Call Me Kutchu takes an intimate and thought provoking look at the state of affairs for members of the LGBT community in Uganda, against the backdrop of the kill the gays bill.
In recent years the world has become aware of the negativity shown towards gay men and women in Uganda, and this film shows us what activists in the country are doing to try and make inequality a thing of the past. It also shows us the final year of gay rights activist David Kato towards the latter half of the film, which will evoke strong emotions from the audience, some of you may even cry.
The documentary is an eye opener for those of us who live in the West that don’t realise how easy life is compared to that of many around the world. In the documentary we hear a number of harrowing tales from a select group of gay people and activists in Uganda that range from violence, stoning, abandonment and even rape. Some of these tales will leave you open mouthed and shocked that nearly 50 years after gay liberation started, some people are still subjected to persecution on a daily basis. The realisation of just how severe things are in Uganda is shown when David Kato is murdered and the scene that ensues at his funeral.
One thing that is particularly good about this film is the way in which directors Katherine Fairfax Wright and Malika Zouhali-Worrall show us the debate on homosexuality in Uganda from both sides.
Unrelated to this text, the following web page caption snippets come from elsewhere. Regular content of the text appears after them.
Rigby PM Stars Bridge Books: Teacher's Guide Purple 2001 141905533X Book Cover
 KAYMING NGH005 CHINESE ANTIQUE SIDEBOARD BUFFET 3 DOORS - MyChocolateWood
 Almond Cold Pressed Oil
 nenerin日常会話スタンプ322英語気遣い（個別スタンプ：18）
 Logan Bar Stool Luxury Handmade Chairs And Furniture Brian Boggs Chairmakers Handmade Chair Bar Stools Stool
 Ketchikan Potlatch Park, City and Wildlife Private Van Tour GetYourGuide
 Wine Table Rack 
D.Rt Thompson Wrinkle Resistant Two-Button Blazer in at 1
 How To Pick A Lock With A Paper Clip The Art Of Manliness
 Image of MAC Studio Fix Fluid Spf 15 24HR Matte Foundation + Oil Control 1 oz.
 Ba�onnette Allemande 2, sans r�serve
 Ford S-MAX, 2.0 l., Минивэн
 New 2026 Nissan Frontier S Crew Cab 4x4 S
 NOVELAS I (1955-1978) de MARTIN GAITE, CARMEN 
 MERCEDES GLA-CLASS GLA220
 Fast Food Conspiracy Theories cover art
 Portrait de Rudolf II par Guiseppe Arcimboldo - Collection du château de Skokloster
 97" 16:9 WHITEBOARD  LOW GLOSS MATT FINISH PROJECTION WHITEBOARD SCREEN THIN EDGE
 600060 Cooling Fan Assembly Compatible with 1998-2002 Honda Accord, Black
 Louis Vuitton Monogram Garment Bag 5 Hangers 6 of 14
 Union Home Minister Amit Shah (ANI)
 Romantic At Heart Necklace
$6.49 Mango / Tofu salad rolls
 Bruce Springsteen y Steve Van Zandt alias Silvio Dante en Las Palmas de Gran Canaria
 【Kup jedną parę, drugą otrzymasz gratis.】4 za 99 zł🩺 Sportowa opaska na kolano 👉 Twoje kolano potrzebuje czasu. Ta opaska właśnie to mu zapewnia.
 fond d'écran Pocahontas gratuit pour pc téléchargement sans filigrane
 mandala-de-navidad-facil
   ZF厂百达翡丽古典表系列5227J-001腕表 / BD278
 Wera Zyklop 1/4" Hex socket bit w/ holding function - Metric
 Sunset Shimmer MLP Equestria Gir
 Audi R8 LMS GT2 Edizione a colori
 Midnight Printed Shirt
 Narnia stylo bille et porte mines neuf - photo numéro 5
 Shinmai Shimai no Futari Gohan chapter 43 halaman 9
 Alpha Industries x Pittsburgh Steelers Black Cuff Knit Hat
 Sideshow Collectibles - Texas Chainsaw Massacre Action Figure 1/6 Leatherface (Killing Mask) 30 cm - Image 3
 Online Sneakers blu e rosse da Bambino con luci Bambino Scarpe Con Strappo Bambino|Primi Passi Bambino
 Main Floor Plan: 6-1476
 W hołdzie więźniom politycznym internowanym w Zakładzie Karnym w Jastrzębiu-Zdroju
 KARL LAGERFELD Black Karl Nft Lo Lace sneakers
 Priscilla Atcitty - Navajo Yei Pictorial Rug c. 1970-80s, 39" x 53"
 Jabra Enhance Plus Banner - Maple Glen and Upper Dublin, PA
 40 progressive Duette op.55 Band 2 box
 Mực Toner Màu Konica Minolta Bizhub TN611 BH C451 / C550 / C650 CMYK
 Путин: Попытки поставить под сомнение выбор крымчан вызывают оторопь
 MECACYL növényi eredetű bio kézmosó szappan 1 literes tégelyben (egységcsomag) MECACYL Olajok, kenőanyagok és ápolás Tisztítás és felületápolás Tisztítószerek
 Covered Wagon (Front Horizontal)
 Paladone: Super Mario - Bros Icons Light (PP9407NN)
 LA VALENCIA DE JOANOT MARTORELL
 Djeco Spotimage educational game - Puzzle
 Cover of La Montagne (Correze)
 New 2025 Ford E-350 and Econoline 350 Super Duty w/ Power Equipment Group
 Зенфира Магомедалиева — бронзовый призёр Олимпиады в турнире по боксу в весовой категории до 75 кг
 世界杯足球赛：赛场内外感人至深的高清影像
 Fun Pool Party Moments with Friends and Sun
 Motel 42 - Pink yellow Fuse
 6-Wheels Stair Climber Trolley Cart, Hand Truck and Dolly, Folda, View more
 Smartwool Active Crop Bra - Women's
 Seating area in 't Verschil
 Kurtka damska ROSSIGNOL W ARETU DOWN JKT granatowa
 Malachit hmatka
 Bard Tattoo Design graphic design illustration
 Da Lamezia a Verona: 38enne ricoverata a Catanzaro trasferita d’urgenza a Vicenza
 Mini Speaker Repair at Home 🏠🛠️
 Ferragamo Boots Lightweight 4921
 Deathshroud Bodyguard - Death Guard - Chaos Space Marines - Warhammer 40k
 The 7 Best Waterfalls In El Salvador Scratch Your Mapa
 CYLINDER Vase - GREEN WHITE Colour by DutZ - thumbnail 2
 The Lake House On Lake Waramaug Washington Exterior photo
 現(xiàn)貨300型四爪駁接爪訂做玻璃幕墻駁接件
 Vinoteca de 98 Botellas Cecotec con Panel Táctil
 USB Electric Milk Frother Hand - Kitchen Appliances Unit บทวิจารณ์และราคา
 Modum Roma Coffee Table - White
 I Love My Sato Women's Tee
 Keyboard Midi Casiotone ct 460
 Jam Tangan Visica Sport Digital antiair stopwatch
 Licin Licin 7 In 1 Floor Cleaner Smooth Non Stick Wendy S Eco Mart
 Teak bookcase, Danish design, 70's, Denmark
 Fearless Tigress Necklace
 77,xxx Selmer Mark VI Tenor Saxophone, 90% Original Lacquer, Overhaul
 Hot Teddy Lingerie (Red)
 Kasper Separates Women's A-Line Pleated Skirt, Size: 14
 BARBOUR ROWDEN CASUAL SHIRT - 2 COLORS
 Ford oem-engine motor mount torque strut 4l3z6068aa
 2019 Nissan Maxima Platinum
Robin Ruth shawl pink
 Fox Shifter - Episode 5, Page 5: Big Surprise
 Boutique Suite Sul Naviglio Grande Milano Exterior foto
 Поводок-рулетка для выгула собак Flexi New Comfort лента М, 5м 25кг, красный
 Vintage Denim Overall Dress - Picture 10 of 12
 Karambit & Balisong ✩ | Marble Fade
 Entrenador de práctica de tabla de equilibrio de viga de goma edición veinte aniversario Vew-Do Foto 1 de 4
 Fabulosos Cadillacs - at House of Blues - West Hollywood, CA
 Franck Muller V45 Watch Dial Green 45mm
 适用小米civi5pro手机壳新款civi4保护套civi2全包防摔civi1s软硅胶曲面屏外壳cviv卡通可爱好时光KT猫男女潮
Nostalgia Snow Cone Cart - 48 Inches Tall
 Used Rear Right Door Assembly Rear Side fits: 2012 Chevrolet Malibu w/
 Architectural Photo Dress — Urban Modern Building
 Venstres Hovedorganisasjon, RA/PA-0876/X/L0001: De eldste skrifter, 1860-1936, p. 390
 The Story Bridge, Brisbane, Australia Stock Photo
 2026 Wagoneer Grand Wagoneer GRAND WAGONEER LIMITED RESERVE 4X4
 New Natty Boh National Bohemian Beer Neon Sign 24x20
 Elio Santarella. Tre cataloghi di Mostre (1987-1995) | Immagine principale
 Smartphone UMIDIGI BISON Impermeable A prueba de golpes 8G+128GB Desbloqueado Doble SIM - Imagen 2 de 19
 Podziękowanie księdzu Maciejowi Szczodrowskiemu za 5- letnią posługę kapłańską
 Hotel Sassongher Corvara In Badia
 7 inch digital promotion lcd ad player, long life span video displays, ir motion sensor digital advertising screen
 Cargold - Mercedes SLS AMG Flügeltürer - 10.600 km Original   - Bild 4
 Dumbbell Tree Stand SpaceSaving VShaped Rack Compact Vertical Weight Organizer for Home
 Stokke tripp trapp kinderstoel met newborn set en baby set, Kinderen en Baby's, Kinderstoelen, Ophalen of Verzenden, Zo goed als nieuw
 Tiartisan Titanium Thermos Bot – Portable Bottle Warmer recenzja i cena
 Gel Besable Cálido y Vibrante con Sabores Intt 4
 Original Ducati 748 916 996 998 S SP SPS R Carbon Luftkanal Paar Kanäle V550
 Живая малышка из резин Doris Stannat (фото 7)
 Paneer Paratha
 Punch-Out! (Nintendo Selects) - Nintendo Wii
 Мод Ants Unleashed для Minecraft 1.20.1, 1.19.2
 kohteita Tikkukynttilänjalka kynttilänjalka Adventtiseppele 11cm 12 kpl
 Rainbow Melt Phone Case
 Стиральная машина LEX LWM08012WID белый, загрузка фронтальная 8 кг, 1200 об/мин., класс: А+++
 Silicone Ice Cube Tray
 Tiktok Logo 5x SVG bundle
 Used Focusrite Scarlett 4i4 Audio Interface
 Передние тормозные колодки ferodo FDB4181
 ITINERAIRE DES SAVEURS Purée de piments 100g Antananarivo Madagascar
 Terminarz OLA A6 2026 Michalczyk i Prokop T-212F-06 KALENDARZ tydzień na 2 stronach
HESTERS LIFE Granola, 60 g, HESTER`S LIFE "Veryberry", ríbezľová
We see the negative affects it has on people on a daily basis and what they are doing in the fight for equality, but they also enable us to see the mind-set of the people trying to oppress them and how they are targeting gay people. This is most evident when we are told by the managing editor of The Rolling Stone newspaper that in the name of journalism, they would ignore the right of privacy to expose gay people for public knowledge, and also how the paper itself links gay people to terrorism.
However against the sadness of the documentary you see hope in the LGBT community, as they enjoy themselves together and remain positive in a shared optimism that one day Uganda will be fully equal.
Overall Verdict: The film is a touching and informative human tragedy that will have you engrossed from beginning to end, and cheer when you see just how much progress they are making. But as they mention throughout the film the struggle continues.